WHAT YOU WILL DO: Once you reach the line with "Looking These Fastive" in the material below, copy each line exactly up to and including the line with "2-бөлмелі пәтер ·", and skip the pictures.
══ SUPPLIED INFORMATION ══
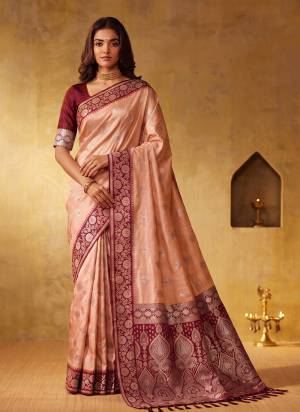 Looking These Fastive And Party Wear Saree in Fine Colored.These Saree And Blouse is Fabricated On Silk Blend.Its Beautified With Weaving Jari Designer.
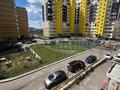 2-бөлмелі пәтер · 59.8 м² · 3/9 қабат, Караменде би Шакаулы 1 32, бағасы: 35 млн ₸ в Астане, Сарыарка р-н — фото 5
═══
══ SUPPLIED INFORMATION ══
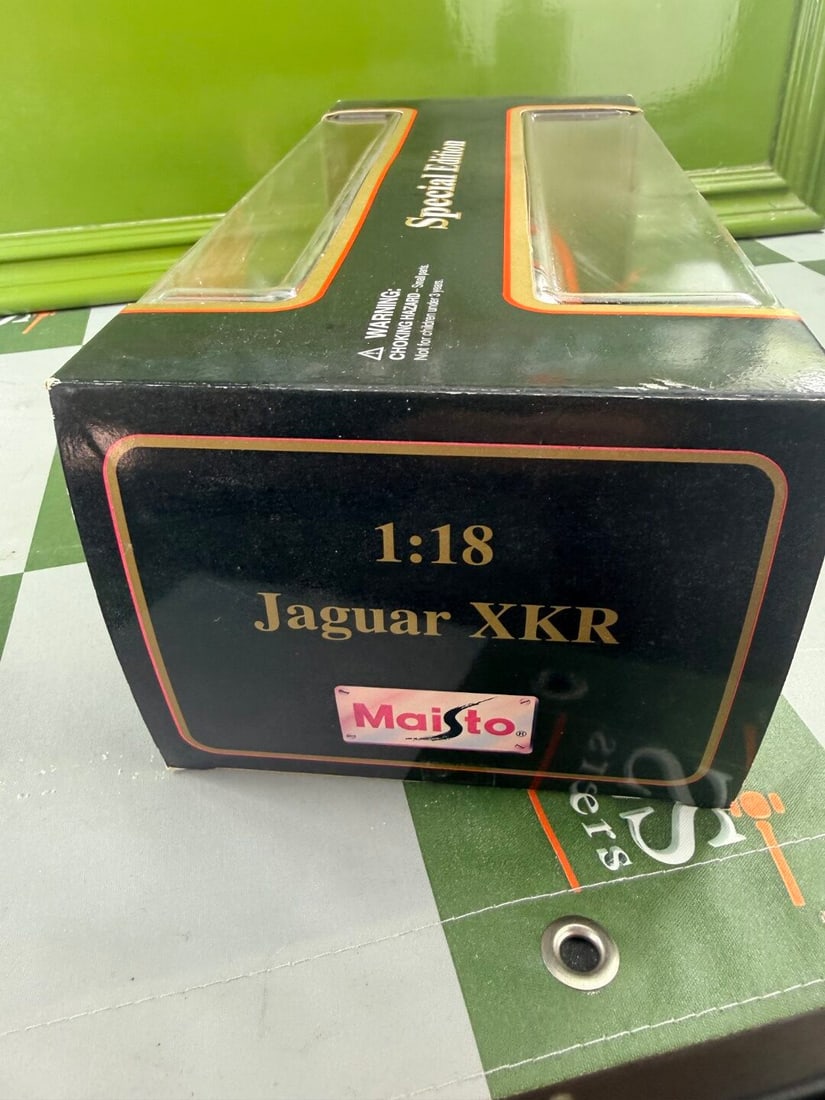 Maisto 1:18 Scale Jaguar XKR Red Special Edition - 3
═══
EXERCISE SOLUTION:
 Looking These Fastive And Party Wear Saree in Fine Colored.These Saree And Blouse is Fabricated On Silk Blend.Its Beautified With Weaving Jari Designer.
 2-бөлмелі пәтер · 59.8 м² · 3/9 қабат, Караменде би Шакаулы 1 32, бағасы: 35 млн ₸ в Астане, Сарыарка р-н — фото 5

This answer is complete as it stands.